The Hills Market has been a great supporter of Mobile Food in Columbus. Last year, they hosted a very well attended Mobile Foodie Fair. This year, they are starting out strong by offering not one, but two mobile food cooking classes. This serves two purposes. It breaks up the “meh” of winter with a new twist on cooking in the kitchen. The second purpose is to promote trucks in the off-season when they could use some (good not freezing) exposure and maybe a bit of catering revenue. Cure your curiousity about Mobile Cuisine and come to the Hills Market to meet, greet and eat with the guys behind the truck window or cart. Please sign up soon to help keep mobile food going in the wintertime.
Reservations required by January 15th. Call 614.846.3220
Hills Market, Tuesday January 17th.
Cooking Class: A Trio of Trucks | 6:30 p.m. | $25
The Hills Market kitchen will feature the talent behind three of our city’s best mobile food vendors: Hot Pita, Pitabilities and Kolache Republic.
Participants will start out in the kitchen for a one-hour demonstration class.

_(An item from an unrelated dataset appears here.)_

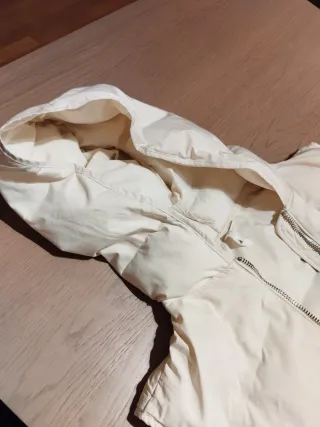 Chaleco largo mujer beige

Afterwards, Hills will serve a three course meal (complete with beer pairings from the folks at Elevator Brewing Company) in the Wine Department. The class is $25 per person and includes food and beer pairings.
Menu
• A Trio of Hummus: Hot Pita’s Truffle, Goat Cheese and Sun-Dried Tomato Hummus
• Pitabilities presents a Buffalo Chicken Pita featuring their signature bèlla sauce
(perfect for Super Bowl entertaining!)
• Kolache Republic Kolaches with fillings to include nuts, cheese and fruit.
Cooking Class: Angie Theado of The Coop |February 28th | 6:30 p.m. | $35
Angie Theado of The Coop Food Truck presents three favorites from the Clintonville-based truck. Participants will start out in the kitchen for a one-hour demo. Afterwards, a three course meal (complete with wine pairings) in the Wine Department. The class is $45 and includes food and wine pairings.
Menu:
• Duck Livers paired with a Winter Salad
• Seared Duck Breast with Shiitakes, Baby Bok Choy, Udon Noodles and Fried Duck Egg with a Mushroom Broth
• Ginger-Poached Pear with a Lemongrass-Orange Duck Egg Zabaglione with Caramelised Duck Skin.

We had a great turn out for the class – 24 people!